How Does Machine Learning Complete Data Enriching?

It’s one thing to obtain the enriched data. Its interpretation is different. In fact, one thing to keep in mind is that looking at a lot of data increases the likelihood of making bad decisions unless you are a skilled data scientist.

It’s iportant to comprehend the potential application of machine learning in this situation. As a mediator between the torrent of data you are about to receive and the knowledgeable persons who will interpret it, the technology is quite effective. 

Because the models will eventually need to be adjusted and supervised, it is crucial to comprehend how your data enrichment service’s scoring system functions and how it is constructed. 

This is the main distinction between a whitebox system, which allows you to view the rules in plain language, and an opaque system, sometimes known as a Blackbox system. 

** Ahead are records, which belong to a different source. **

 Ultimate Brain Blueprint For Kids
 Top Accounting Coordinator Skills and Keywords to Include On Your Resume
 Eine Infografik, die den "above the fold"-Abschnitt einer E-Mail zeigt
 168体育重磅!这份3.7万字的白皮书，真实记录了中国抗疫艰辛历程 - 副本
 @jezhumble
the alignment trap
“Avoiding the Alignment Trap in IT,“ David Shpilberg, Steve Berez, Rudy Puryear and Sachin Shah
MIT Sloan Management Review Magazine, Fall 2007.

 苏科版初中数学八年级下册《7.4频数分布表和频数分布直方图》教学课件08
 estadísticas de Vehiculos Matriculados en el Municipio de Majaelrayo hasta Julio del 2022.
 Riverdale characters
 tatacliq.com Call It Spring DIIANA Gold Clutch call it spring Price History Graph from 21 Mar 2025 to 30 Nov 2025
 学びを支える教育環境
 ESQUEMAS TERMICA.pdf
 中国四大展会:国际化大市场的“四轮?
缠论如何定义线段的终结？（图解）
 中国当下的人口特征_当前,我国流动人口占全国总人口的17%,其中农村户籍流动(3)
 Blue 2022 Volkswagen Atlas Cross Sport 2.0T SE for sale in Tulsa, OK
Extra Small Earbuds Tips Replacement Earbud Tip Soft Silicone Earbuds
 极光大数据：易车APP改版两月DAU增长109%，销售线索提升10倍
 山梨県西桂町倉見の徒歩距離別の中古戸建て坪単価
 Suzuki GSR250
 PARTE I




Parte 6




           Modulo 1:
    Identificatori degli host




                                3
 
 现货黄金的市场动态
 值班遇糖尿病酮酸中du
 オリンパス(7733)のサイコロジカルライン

If all you get is the score, you may feel helpless in the face of the algorithms and never truly understand how things operate.

Final Thoughts

Choosing the right data enrichment service is crucial, considering factors like automation, integration, data quality, and compliance with privacy regulations. Leveraging machine learning further amplifies the benefits of data enrichment by providing actionable insights from large data sets.

As you explore the potential of data enrichment for your business, remember that a well-implemented data strategy can be the key to staying competitive and innovative in today’s data-driven world. Take the next step in transforming your business by harnessing the power of data enrichment.